To the non-Indigenous communities of the ELCA, the church confesses that it has benefited from, and not acted against, the Doctrine of Discovery and has failed to proactively support the church’s American Indian and Alaska Native Lutheran Association.
The declaration concludes with a pledge to all three groups—Indigenous ELCA communities, Indigenous communities in the U.S., and non-Indigenous ELCA communities. Each pledge focuses on doing more to understand the doctrine, the church’s role in perpetuating it and how to partner with Native organizations to end the harmful effects of the doctrine and become stronger advocates for Indigenous communities throughout the U.S. The declaration ends with an understanding that accomplishing its goal to actively and fully repudiate the Doctrine of Discovery will take more than words; it will take tangible action to undo the damage created since the late-15th century.
Crist said the declaration will be aimed at three audiences: Indigenous people outside the church, Indigenous members of the ELCA and their non-Indigenous fellow worshipers “We confess to each of those and we make a promise to each of those,” she said. “It’s a stronger statement than we’ve ever made before, and I’m excited for it.”
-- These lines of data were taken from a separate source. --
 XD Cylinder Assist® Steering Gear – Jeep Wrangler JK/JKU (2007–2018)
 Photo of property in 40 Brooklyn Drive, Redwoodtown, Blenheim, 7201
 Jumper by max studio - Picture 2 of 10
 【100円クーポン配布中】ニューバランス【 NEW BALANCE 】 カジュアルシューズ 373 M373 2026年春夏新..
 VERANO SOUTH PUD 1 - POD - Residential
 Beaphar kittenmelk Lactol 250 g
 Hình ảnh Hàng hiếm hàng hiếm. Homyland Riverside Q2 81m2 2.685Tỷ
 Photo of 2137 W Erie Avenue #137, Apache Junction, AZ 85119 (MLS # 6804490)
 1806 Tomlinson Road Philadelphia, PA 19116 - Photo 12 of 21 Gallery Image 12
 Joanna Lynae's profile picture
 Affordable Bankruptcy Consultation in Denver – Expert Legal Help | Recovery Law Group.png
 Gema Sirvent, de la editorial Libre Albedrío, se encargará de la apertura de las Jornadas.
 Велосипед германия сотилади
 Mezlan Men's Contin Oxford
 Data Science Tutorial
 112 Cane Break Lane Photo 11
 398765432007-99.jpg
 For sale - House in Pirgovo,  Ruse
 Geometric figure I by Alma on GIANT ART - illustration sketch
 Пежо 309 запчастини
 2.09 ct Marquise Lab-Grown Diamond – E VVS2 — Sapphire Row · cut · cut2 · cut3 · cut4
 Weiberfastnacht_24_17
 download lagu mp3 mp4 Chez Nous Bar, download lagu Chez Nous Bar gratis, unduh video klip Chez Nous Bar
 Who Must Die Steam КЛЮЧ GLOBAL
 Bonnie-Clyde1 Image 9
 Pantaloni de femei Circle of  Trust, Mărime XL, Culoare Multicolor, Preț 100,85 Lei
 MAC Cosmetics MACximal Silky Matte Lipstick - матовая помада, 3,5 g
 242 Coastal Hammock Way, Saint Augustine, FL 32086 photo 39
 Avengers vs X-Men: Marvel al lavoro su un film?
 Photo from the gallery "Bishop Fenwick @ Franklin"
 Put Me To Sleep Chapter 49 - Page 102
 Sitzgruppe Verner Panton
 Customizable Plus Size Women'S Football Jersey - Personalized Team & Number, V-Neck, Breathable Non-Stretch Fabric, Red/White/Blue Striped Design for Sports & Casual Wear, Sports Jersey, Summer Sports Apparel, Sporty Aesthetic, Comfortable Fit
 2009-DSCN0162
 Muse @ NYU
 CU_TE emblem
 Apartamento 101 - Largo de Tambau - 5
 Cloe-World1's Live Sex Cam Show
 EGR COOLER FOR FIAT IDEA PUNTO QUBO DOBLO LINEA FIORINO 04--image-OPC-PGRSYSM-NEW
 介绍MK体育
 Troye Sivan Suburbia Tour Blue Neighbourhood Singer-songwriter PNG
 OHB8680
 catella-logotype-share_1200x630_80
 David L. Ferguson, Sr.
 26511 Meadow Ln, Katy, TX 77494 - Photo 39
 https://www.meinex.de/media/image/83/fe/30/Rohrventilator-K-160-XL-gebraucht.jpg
Finally, the task force is developing a new publication, Luther’s Small Catechism With a Native Perspective. Inspired by earlier Lutheran catechisms from Asian-descent and African-descent perspectives, the project is being overseen by Erwin, who has started asking Indigenous Lutherans to write interpretive reflections on sections of Martin Luther’s work. He hopes to have the book finished in time for Indigenous Peoples’ Day 2022.
Ironically, this won’t be the first time Native Americans contributed to the Small Catechism—its first non-European translation was in the language of the Lenape Tribe of Delaware.